Se Marx fosse ancora in vita si sentirebbe in dovere di chiamare tutti alla rivoluzione.
Jeffrey Epstein è stato un magnate di New York dalle risorse quasi illimitate, con un tenore di vita assolutamente fuori dal comune. Apparteneva a quel 4/5 % del mondo che oggi sembra essere l’oggetto del desiderio di tutta l’industria globale.
Si scopre, si sapeva ma si faceva finta di niente, che l’origine della sua ricchezza è avvolta nel mistero per usare un eufemismo. La sua stessa vita, le connessioni ad altissimo livello, le amicizie erano e restano avvolte nel mistero più assoluto.
Del resto basta interrogare Wikipedia e, con tutte le prudenze del caso, si capisce che il signore in questione aveva ben più di qualche scheletro ben riposto nell’armadio.
Fin qui una brutta ma ordinaria storia di un truffatore non particolarmente pericoloso se non si scoprisse invece che ha potuto godere di un’assoluta copertura ed è stato per circa venti anni un predatore e trafficante a sfondo sessuale di giovani donne, minorenni e non. Prometteva denaro e carriera per poi manipolarle fino a ridurle, in alcuni casi, in schiavitù sessuale. In Europa diremmo roba da Ancien Régime.
Centinaia di giovani donne usate per perversi scopi personali o per rendere le innumerevoli feste a cui si dedicava, piacevoli agli ospiti illustri per poi, probabilmente, ricattarle. La questione quindi non riguarda solo la gravità del reato, ma l’apparente normalità dell’umanità di cui si circondava che sapeva e non interveniva, che sapeva e considerava tale approccio giustificabile per lo status economico del soggetto.
Jeffrey Epstein muore suicida nell’agosto dello scorso anno in un carcere di New York in circostanze ambigue portandosi nella tomba segreti inconfessabili.
Il documentario mostra la miseria umana di molti dei protagonisti e l’assenza assoluta di codici morali sua e del suo gruppo di amici frequentatori. La fama che si era saputo costruire rende e ha reso sempre difficile discernere il buono dal cattivo, il giusto da ciò che è sbagliato.
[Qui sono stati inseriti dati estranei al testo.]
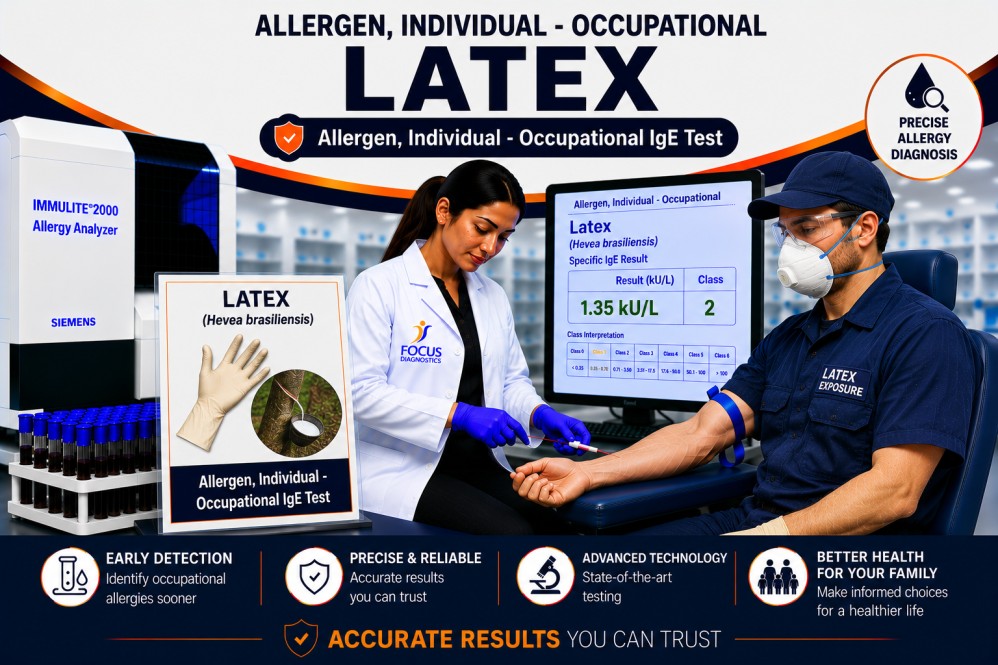 Natural rubber latex allergy test showing specific IgE antibody analysis for occupational latex sensitization, contact allergy diagnosis, and latex-induced respiratory reactions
La fauna umana di cui si circondava mischiava l’alto e il basso, il noto e il poco noto, e allora nel documentario è possibile vedere persone non note alle cronache e nello stesso tempo, l’ex presidente degli Stati Uniti d’America, Bill Clinton e l’attuale presidente Donald Trump, il nipote della Regina d’Inghilterra, Andrea e, l’immancabile amica tuttofare Ghislaine Maxwell, figlia di un ricco editore inglese morto in circostanze misteriose nel 1991.
A confronto gli Happy Few di Francis Scott Fitzgerald appaiano delle giovani marmotte.
Tutti pronti a negare la vicinanza e l’assiduità di contatti con il magnate divenuto alla fine un appestato, ma solo dopo il coraggio della denuncia di alcune di queste giovani abusate, distrutte da questa vita manipolata.
Uno scandalo internazionale che ha avuto una scarsissima eco in Italia, ma dal significato spaventoso che spiega l’impossibilità di riformare l’attuale forma di capitalismo e il famoso salto di specie antropologico al quale si assiste nella più grande democrazia del mondo.
Si dirà che Netflix, Titan tech americano di nuova generazione digitale, nel cambiare il mondo dei media diventa specchio del tramonto del sogno americano, ma non bisogna trascurare che, contestualmente, è segno della capacità americana di sapersi riscrivere e raccontare costantemente.
Rattrista il fatto che quel Paese generatore di speranza per oltre un secolo sia diventato un Paese produttore di rimpianto, e per questa ragione siamo tutti un po’ più tristi e soli.